I have a dataframe that contains the columns start_time
and timezone
(example shown below). The start_time
is recorded in UTC. I want to create a new column called start_time_local
that contains the start time within the local timezone for that record.
I've tried many examples including format()
, force_tz()
, with_tz()
, etc, but most examples I've seen show how to convert ALL timestamps to the same timezone, and not each timestamp to it's respective timezone
+---------------------+---------------------+
| start_time | timezone |
+---------------------+---------------------+
| 2020-07-07 16:01:15 | Europe/Dublin |
| 2020-07-07 21:01:28 | America/Los_Angeles |
| 2020-07-20 12:45:33 | America/New_York |
| 2020-07-24 16:00:32 | America/Los_Angeles |
| 2020-07-09 14:00:39 | Europe/London |
| 2020-07-16 20:30:30 | America/Los_Angeles |
| 2020-07-29 14:03:09 | Europe/London |
| 2020-07-27 20:59:32 | America/Los_Angeles |
| 2020-07-20 16:09:54 | America/Denver |
| 2020-07-21 09:51:04 | Europe/Dublin |
+---------------------+---------------------+
# example data
df <- structure(list(start_time = structure(c(1594162875, 1594180888,
1595274333, 1595631632, 1594328439, 1594956630, 1596056589, 1595908772,
1595286594, 1595350264), class = c("POSIXct", "POSIXt"), tzone = ""),
timezone = c("Europe/Dublin", "America/Los_Angeles", "America/New_York",
"America/Los_Angeles", "Europe/London", "America/Los_Angeles",
"Europe/London", "America/Los_Angeles", "America/Denver",
"Europe/Dublin")), row.names = c(NA, -10L), class = "data.frame")
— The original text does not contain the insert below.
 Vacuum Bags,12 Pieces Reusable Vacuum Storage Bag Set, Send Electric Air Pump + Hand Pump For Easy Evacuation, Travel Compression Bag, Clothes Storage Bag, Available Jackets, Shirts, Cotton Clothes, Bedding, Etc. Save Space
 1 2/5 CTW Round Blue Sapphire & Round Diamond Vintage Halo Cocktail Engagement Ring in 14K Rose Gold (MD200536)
Unfortunately you cannot have different time zones within a single POSIXct vector, because the timezone is stored as a single atomic attribute that applies to the whole vector. If you try to write multiple timezones to this attribute, the S3 methods for POSIXct will stop working.
If this is something you are very keen to pursue you can write a new S3 class to handle this kind of problem. The very bare bones of such a class would look something like this:
POSIX_multi_tz <- function(UTC_times, time_zones)
{
structure(as.numeric(UTC_times),
class = c("POSIXmulti", "POSIXt"),
tz = time_zones)
}
format.POSIXmulti <- function(x, ...)
{
unlist(mapply(function(a, b) {
format(as.POSIXct(a, origin = "1970-01-01"), tz = b, usetz = TRUE)
}, a = x, b = attr(x, "tz"), SIMPLIFY = FALSE))
}
print.POSIXmulti <- function(x, ...)
{
print(format(x, ...))
}
This would allow for the following behaviour:
df$new_time <- POSIX_multi_tz(df$start_time, df$timezone)
df
#> start_time timezone new_time
#> 1 2020-07-08 00:01:15 Europe/Dublin 2020-07-08 00:01:15 IST
#> 2 2020-07-08 05:01:28 America/Los_Angeles 2020-07-07 21:01:28 PDT
#> 3 2020-07-20 20:45:33 America/New_York 2020-07-20 15:45:33 EDT
#> 4 2020-07-25 00:00:32 America/Los_Angeles 2020-07-24 16:00:32 PDT
#> 5 2020-07-09 22:00:39 Europe/London 2020-07-09 22:00:39 BST
#> 6 2020-07-17 04:30:30 America/Los_Angeles 2020-07-16 20:30:30 PDT
#> 7 2020-07-29 22:03:09 Europe/London 2020-07-29 22:03:09 BST
#> 8 2020-07-28 04:59:32 America/Los_Angeles 2020-07-27 20:59:32 PDT
#> 9 2020-07-21 00:09:54 America/Denver 2020-07-20 17:09:54 MDT
#> 10 2020-07-21 17:51:04 Europe/Dublin 2020-07-21 17:51:04 IST
Beware though - you would still have a bit of work to do to be able to use this class the way you would use POSIXct objects. You can still use arithmetic functions to add and substract seconds, but if you use the lubridate
package or similar, many of the methods will not work for this class unless you define various Ops
to handle adding durations, periods etc.